1

os system: macos Catalina 10.15.2
xcode: 11.3
coreml3.0

I give same model input to the same mlmodel. But the inference results are different using cpu device and gpu device.

The results are as follows, the left file is inference result (second column) using cpu and the right file is inference result (second column) using CpuAndGpu. I use beyond compare to compare the two files, and the data marked with red color are the difference.

Does anyone know about the problem and how to fix it?

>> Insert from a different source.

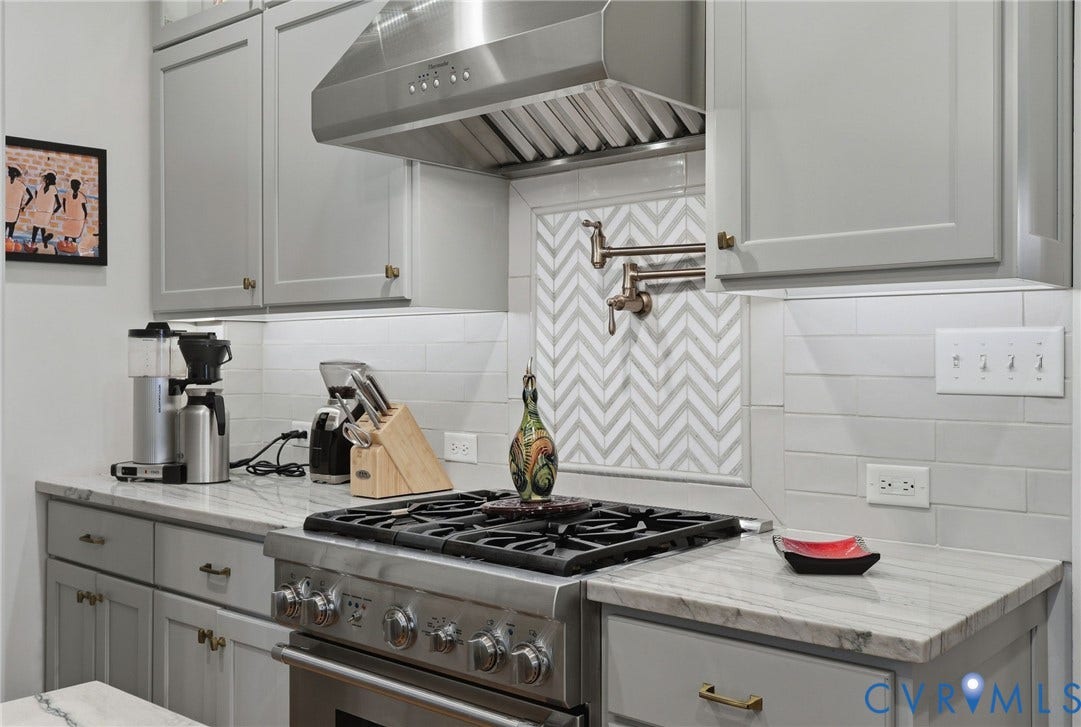 2624 Park Avenue, The Fan District, Richmond, VA 23220 Stainless steel Thermador appliances and range hood, pot filler,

enter image description here

1 Answers1

1

This is not a problem per se. On the GPU, 16-bit floats are used while on the CPU 32-bit floats are used. 16-bit floats have less precision, which explains the different results you're getting.

Some numbers will be slightly larger, some will be slightly smaller, but generally these effects cancel out and you won't notice the difference.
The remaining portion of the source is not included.